זְכֹר֙ יְמ֣וֹת עוֹלָ֔ם בִּ֖ינוּ שְׁנ֣וֹת דֹּֽר וָדֹ֑ר שְׁאַ֤ל אָבִ֨יךָ֙ וְיַגֵּ֔דְךָ זְקֵנֶ֖יךָ וְיֹֽאמְרוּ־לָֽךְ:
Remember the days of old; reflect upon the years of generations. Ask your father, and he will tell you; your elders, and they will inform you.
– Deuteronomy 32:7
In the story ‘The Slows’ by Gail HarEven (first published in Hebrew in 1999, and in English in 2009), the Slows are a population of humans who have resisted adopting AOG (Accelerated Offspring Growth) – a technology that produces fully-grown humans in a matter of months – and insist on bearing and raising children the old-fashioned way. The male narrator, who has taken an interest in the Slows, expresses revulsion at their way of life (which is presumably typical of his world) but also betrays suppressed feelings of attraction towards the Slow women, despite the “swollen protrusions on their chests and the general swelling of their bodies.”
In a world where nearly all living humans are the products of this “accelerated” growth, the legacy of the past seems something superfluous. The Slows, a dwindling population of holdouts against this technology, have become a relic no longer needed.
… “Those treaties were signed many generations ago. Things change,” I said, though I knew it was silly to get into an argument with one of them.
“My grandmother signed them.” …
In the dialog above, both parties are telling the truth: in the world of the story, the narrator has seen “many generations” elapse due to the advent of Accelerated Offspring Growth; but for the Slow woman and her ancestors who eschewed such technology, the same timespan connected grandmother and granddaughter.
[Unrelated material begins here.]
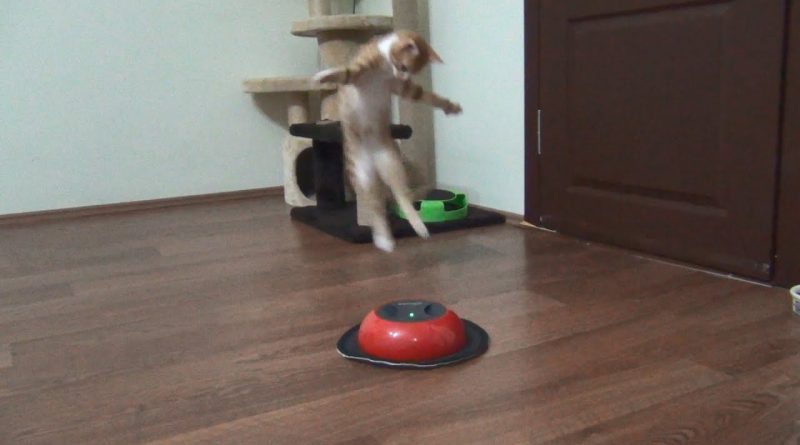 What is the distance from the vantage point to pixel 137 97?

It’s not accidental that this accelerated pace makes it easier for the narrator’s character to justify abrogating the old treaties – because after all, “things change”. The faster pace of life – and of the life cycle itself – makes the moral claim of the past on the present seem tenuous.
The short film adaptation differs from the print original in a few details (the “outsider” journalist is a woman in the screen version) but it is very good, and it’s faithful to the essentials of the story. There’s a wonderful scene (at 10:24) where the Slow woman playfully tosses an apple to the journalist – knowing that the other woman will be unable to catch it, never having developed those reflexes from playing catch as a child, since she never had a childhood.
There are some things we learn only by touch, or from experience, or from forming and sustaining an intimate bond with another human being – a parent, a child, a mate.
Most of what we know about the world, we learn from other people; and this includes the structures within which we organize our experience. These organizing structures include not only language (itself a collaborative and cumulative project), but also the nonverbal skills and processes that we learn from being around others.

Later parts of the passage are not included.